I think it’s some kind of fish….

Things are supposed to be getting better – we had a new Customer Service Manager starting – hopefully someone with a lot of experience who’ll help sort us out.  Though I’m not sure how having a new manager is going to help immediately – we’re still down about 4 account manager, which means we’re all looking after way too many clients.

Both of my biggest clients have been affected by major cock-ups this week, and while one of them is really cool, would never raise their voices at me and would never think to blame me personally for what’s happening on the floor – the other (Mr Cheque Man) has been yelling abuse at me for a week and a half.  He screams in capital letters at me by email, and has started demanding that they shouldn’t pay for stuff (in fairness, if it were me, I’d have been requesting freebies a couple of weeks ago).

My ridiculously late payslips that have been held up by the printer hard drives crashing, were finally being printed this morning… and printed all wrong.  Images missing and text misaligned so they’ve needed to be done all over again.  I had more cheques that couldn’t be printed due to running out of stock.  Enquiries about the stock levels in the warehouse got me a singularly depressing response that the cheque stock gets used daily and is supposed to be counted daily, but no one has counted the cheque stock for a month due to being down staff in the warehouse too.   So now, even when the system tells me we’ve got 5700 pieces of stock left – we’ve actually got NONE and that means I’m going to be running out of stock constantly and the Grossly Overdue Cheques are likely to become a fixture.  I’ve got another statement run job with a ‘please explain’ hanging over it because it got sent without it’s inserts.  Another of my end of months jobs has been cocked up with some customers getting two bank statements in one envelope – massive confidentiality issues there.   And there is so much going on, I’m way too busy and I spend so much of my day fighting fires – that I am fairly confident I am overlooking little things that are likely to become massive emergencies for me.  So many cock ups and so much seems to happens each day that by Thursday – I’m unable to remember the minutiae of Monday’s issues.

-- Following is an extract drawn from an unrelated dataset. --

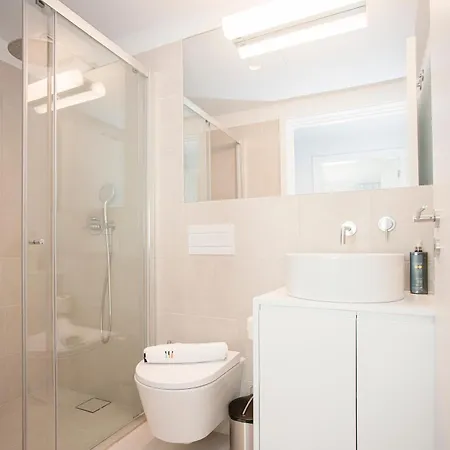 Apartment Liiiving In Porto-modern & Glam Rooftop Porto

I don’t know what is wrong with the place.  It takes forever to get anything done and I mean forever – 8 hours for data processing to provide a 4 page stat sheet, without which, the cheque finishers sit on a work order all day.  Three days to get some .pdf proofs out of IT – and that’s three days if you’re lucky.  Forget about getting stock counts – I’ve repeatedly requested a stocktake for one client since about Oct 16 to no avail.  I’ve had enough.  I was so stressed this morning by the Cheque Man yelling at me and the payslip nonsense, that I was literally sick to my stomach.

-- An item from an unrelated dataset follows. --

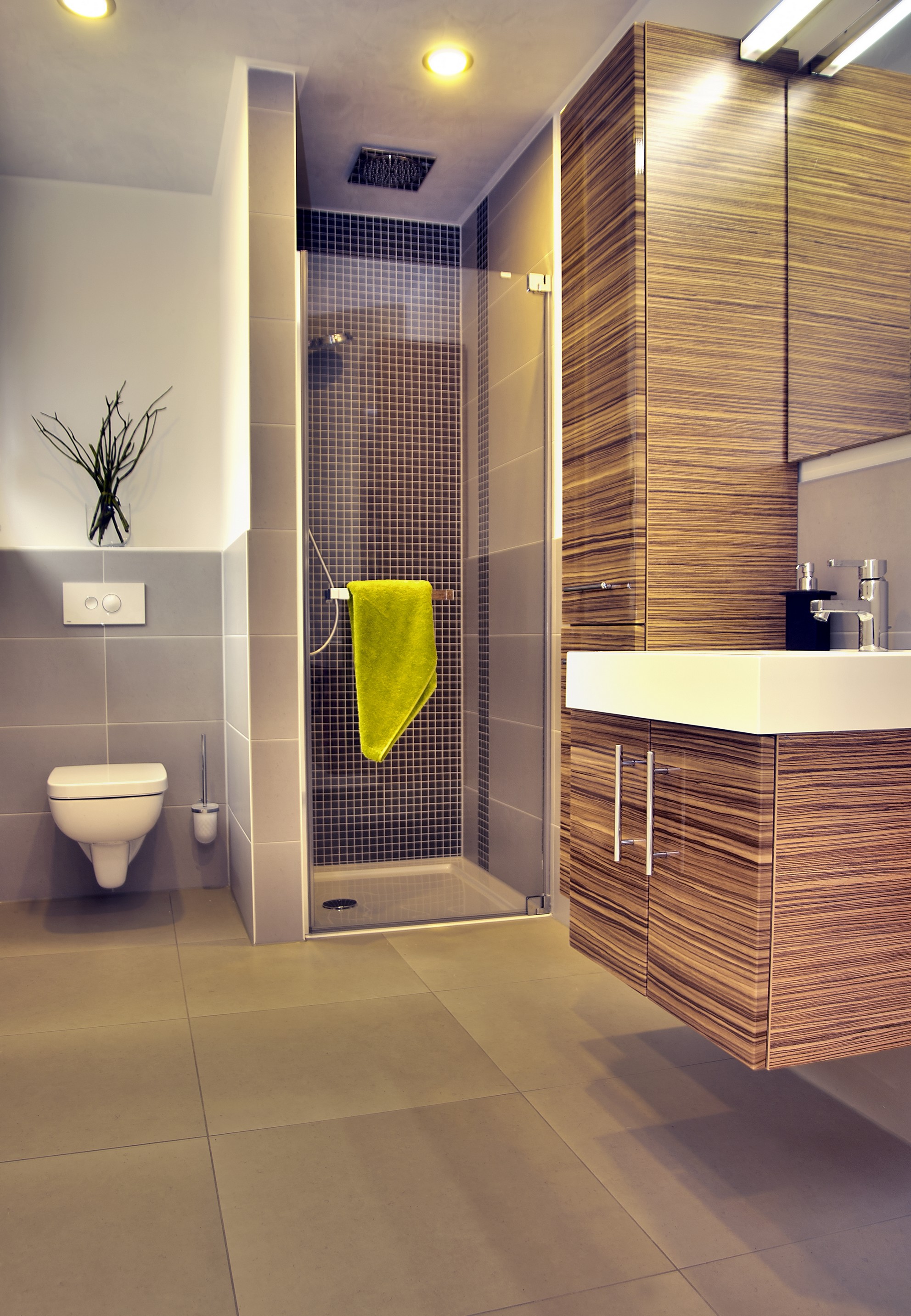 Insbesondere das Badezimmer sollte auch für das Leben im Alter ausgerichtet sein. (Hanlo Haus)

I’m going to have to resign I think – and I feel awful about that.  It’s going to leave them even more in the lurch, and it shits me that I’m actually good at this sort of thing but no matter how hard I work – there’s nothing I can do to be successful at my job.  My managers are all happy with me, and I’m getting loads of positive feedback that I’m doing a great job under the circumstances – but everything feels like it is falling down around me, and I’m coming home stressed out the wa-hoo (still don’t know what a wa-hoo is).